The Canadian PMI is also showing much stronger results than similar purchasing managers indexes of other major economies. Several of those indexes have dropped below 50, the line which indicates a contraction. The eurozone PMI dropped to 49 in August. Germany was the only major economy in the zone to have a reading above 50. The Institute for Supply Management in the US has also reported its index of national factory activity slowed to 50.6 from 50.9 in July. Good news is that although that’s a decline, it’s still above the contraction line and much better than expected. China’s PMI is also at 50.9, which suggests that the strong demand from last year has tailed off.
Key findings from the August survey include:
Incoming new work increases at fastest rate since April
Firms further boost production levels
Rate of input price inflation eases to eight-month low
The latest expansion in the Canadian manufacturing sector partly reflected firms receiving a larger volume of new orders in August. Firms cited greater demand for their goods, as well as new client wins. Notably, the rate of expansion was the fastest in four months. Incoming new orders from abroad also increased, with a number of monitored companies highlighting the US as a key source of new export order growth.

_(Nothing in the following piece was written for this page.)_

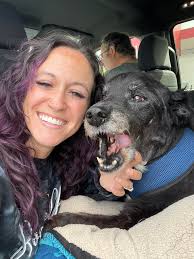 What is normal after tie-back procedure for laryngeal paralysis?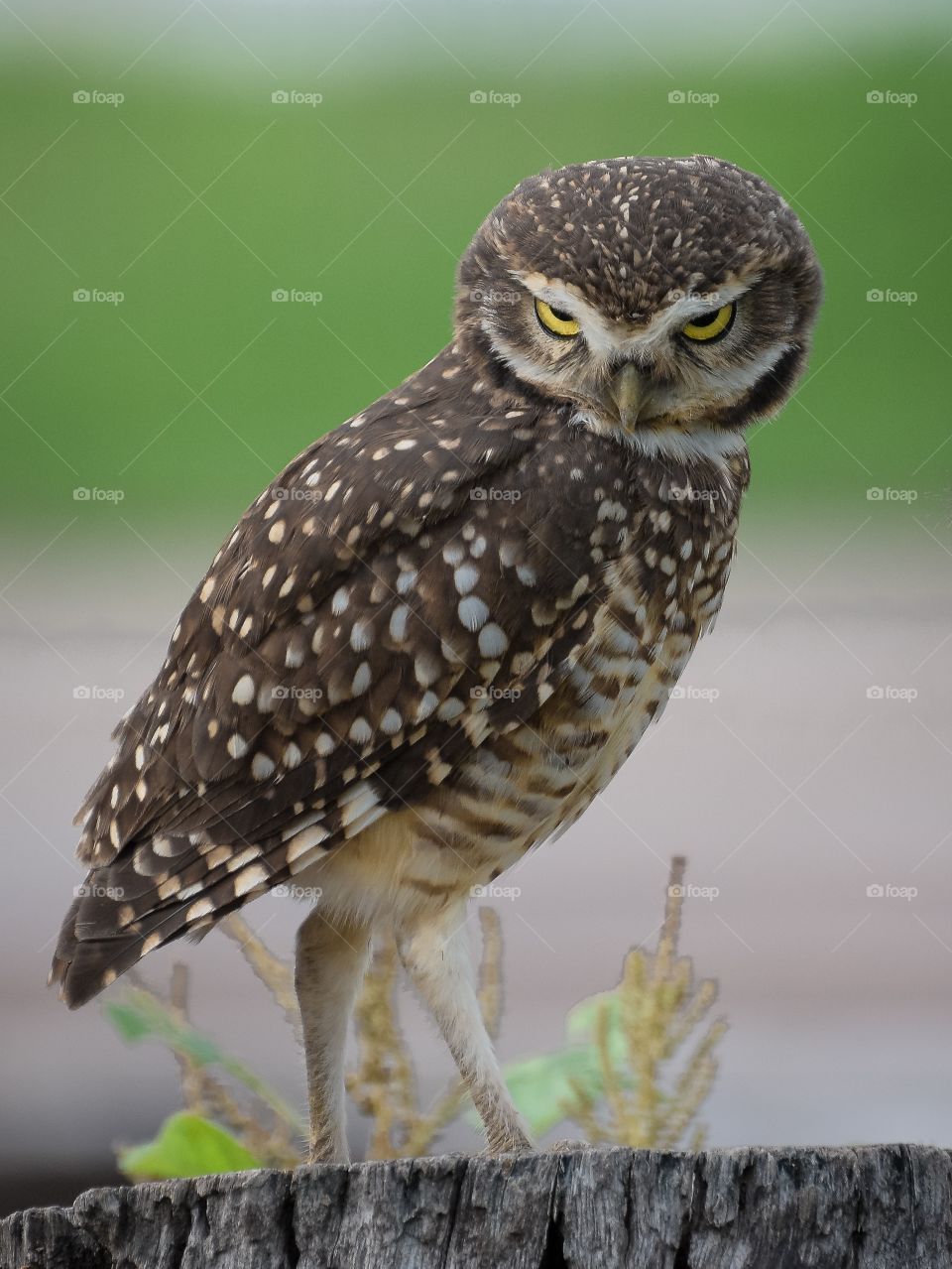 owl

In light of higher new order requirements, firms stepped up production in August. Moreover, survey respondents also fulfilled some new orders by depleting their stocks of finished goods for the second consecutive month.
The amount of inputs bought by firms increased during the latest survey period. Stocks of purchases also rose, albeit only marginally. Meanwhile, the average time it took for suppliers to deliver inputs to Canadian manufacturers lengthened further in August. The latest deterioration in vendor performance was marked and the strongest since May. Anecdotal evidence provided by respondents suggested that delivery delays were frequently the result of backlogs at suppliers.
Employment in the Canadian manufacturing sector increased during August. Notably, the rate of growth was the fastest in three months. Almost 22 per cent of surveyed firms hired additional staff, while 9 per cent reported job losses. Job creation was generally linked to greater production requirements.
Manufacturing companies based in Canada recorded higher input costs in August. Raw materials such as metals and petroleum-based items were particularly mentioned by respondents as increasing in price. Nevertheless, the rate of input cost inflation eased since the previous survey period, and was the weakest in 2011 so far. Panellists passed on greater cost burdens to clients by raising their output charges in August. Factory gate prices rose solidly, albeit at the slowest rate since November 2010 and at a weaker pace than that registered for input costs.